Quant au chirurgien américain B. Fisher (Pittsburgh), il établit une comparaison entre les résultats à long terme de la chirurgie large du cancer du sein (où toute la glande est enlevée) et la chirurgie conservatrice (où seule la tumeur est extirpée). La première est mutilante, mais efficace ; la seconde est plus esthétique, mais risque de laisser en place des nœuds tumoraux ou ganglionnaires qui devront être opérés ultérieurement. Tant et si bien que la bataille entre partisans et adversaires de ces deux types de chirurgie est sévère. Il reste toutefois un terrain d'accord sur le traitement du cancer du sein : à Florence sont présentés de nouveaux médicaments chimiques qui améliorent le pronostic de la maladie, et l'école française (Mathé, Halpern, Israël) rallie les Anglo-Saxons à l'emploi de l'immunothérapie dans cette localisation de la maladie. Il est certes trop tôt pour en apprécier les effets, mais les éléments présentés paraissent suffisamment convaincants pour qu'à leur tour les cancérologues américains poursuivent leurs essais cliniques à une grande échelle.

Hormones

Il est maintenant admis que les dosages hormonaux peuvent permettre de déterminer les groupes de femmes à haut risque de cancer du sein ; ce sera peut-être la grande affaire du dépistage des prochaines années. D'autre part, la confirmation de l'existence de récepteurs hormonaux dans le sein, de cibles endocriniennes, va permettre d'orienter le choix d'une thérapeutique hormonale.
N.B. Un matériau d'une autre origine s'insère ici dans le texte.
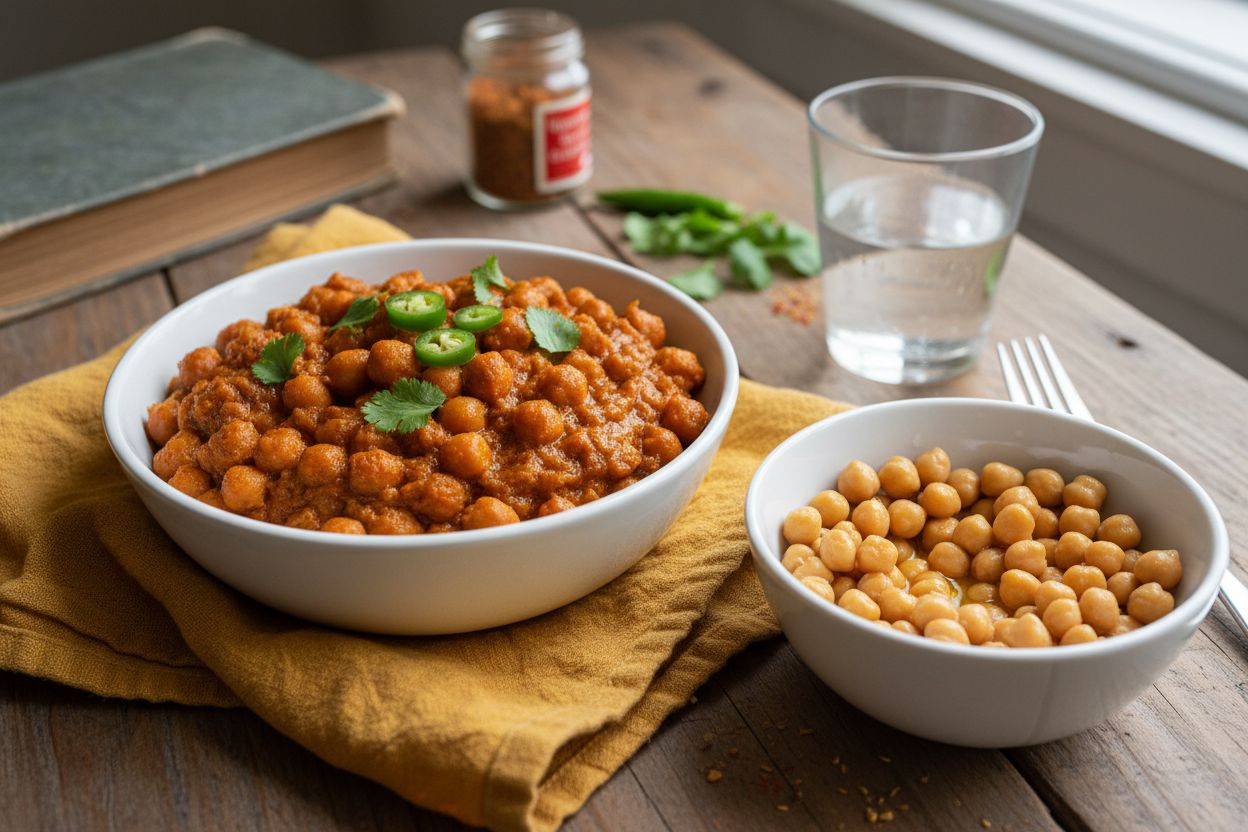 Chana masala (pois chiches épicés) terminé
Pour certains spécialistes (en particulier l'Américain Mc Guire, le Norvégien S. Olsnes), si on décèle l'existence de ces récepteurs chez une malade, on a toutes les chances qu'elle présentera une réponse positive à un traitement hormonal ; dans le cas contraire, il est inutile de lui imposer ce traitement. L'optimisme de Mc Guire n'est assurément pas partagé par tous les cancérologues : certains estiment qu'un trop petit nombre de preuves est apporté pour qu'on soit certain de la fiabilité de la méthode.

Écologie

Les congressistes de Florence mettent l'accent sur les facteurs d'environnement dans l'apparition du cancer chez l'homme : les écologistes leur attribuent 8 cancers sur 10. Cette théorie n'exclut pas la responsabilité de virus pour certains cancers humains. Beaucoup pensent que le virus peut rester à l'état dormant dans une cellule hôte et ne se manifester d'une façon pathologique qu'après un léger coup de pouce de l'environnement. Les chercheurs de l'Institut de l'environnement de Cincinnati calculent que l'homme vit au contact de 50 000 substances chimiques, dont un millier vraisemblablement cancérogènes. Éliminer ces 1 000 substances serait un des moyens de prévenir les maladies cancéreuses.
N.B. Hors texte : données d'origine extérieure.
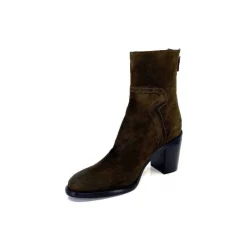 Talon|Bottines<Triver Flight Bottines à Talons 706.03 Daim Olive Kaki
Le sommeil : bien des inconnues, mais une thérapeutique de ses troubles

L'ouverture d'une consultation des troubles du sommeil à l'hôpital de la Salpêtrière (octobre 1974), où peuvent être reçus aussi bien les insomniaques que les hypersomniaques ou les somnambules, la tenue à Rome du deuxième congrès européen de recherches sur le sommeil (8-11 avril 1974) remettent au premier plan de l'actualité l'étude des perturbations du sommeil. Étude d'autant plus difficile que les mécanismes de base qui règlent, semble-t-il, le phénomène du sommeil dans son ensemble commencent à peine à être inventoriés.

Cerveau

On sait presque parfaitement comment se déroule une nuit de sommeil, avec ses alternances de sommeil profond, sans rêve, et de phases oniriques – les secondes représentant environ 20 % de la durée totale du sommeil, soit une centaine de minutes.
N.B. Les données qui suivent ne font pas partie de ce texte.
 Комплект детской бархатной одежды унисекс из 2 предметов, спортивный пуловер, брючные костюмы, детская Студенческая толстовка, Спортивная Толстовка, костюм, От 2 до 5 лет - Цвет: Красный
Certains chercheurs, comme l'équipe lyonnaise du professeur Michel Jouvet, ont identifié dans le cerveau les structures du sommeil et celles de l'éveil. Le système du raphé inférieur, dans le tronc cérébral, est vraisemblablement responsable du sommeil. Chez l'animal, la destruction des noyaux du raphé rend possible la suppression totale du sommeil.